» **TASK DESCRIPTION**: Without copying any picture, transcribe exactly the lines of the data below from the one containing "Sturnus vulgaris in coro" through the one containing "Watercress flower, cluster".

» **PROVIDED ENTRIES**:
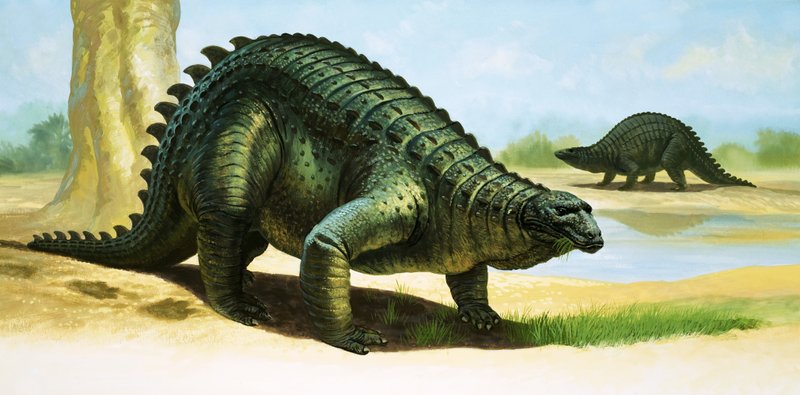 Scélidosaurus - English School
--
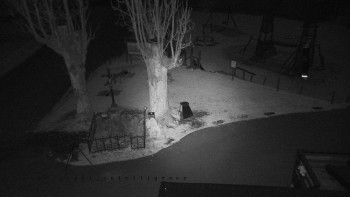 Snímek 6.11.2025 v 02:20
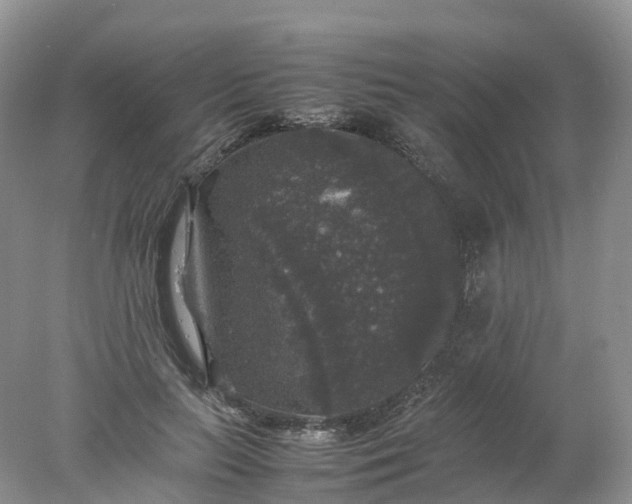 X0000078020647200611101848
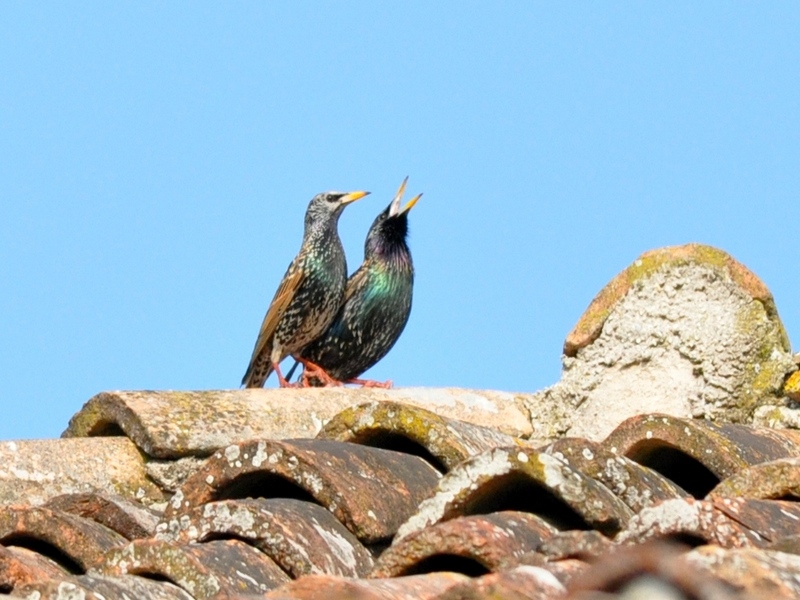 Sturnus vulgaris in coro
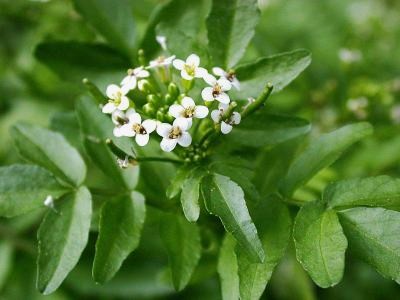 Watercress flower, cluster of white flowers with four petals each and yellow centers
---
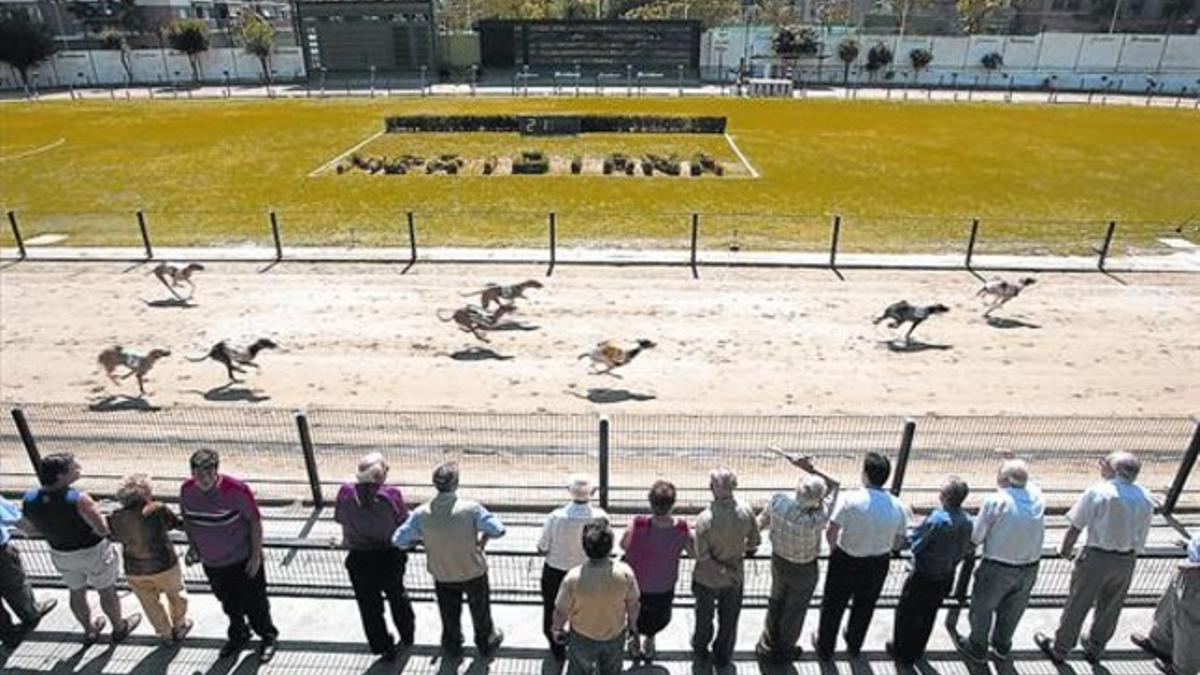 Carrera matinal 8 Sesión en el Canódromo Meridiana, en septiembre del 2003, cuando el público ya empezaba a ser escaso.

» **TASK SOLUTION**:
 Sturnus vulgaris in coro
 Watercress flower, cluster of white flowers with four petals each and yellow centers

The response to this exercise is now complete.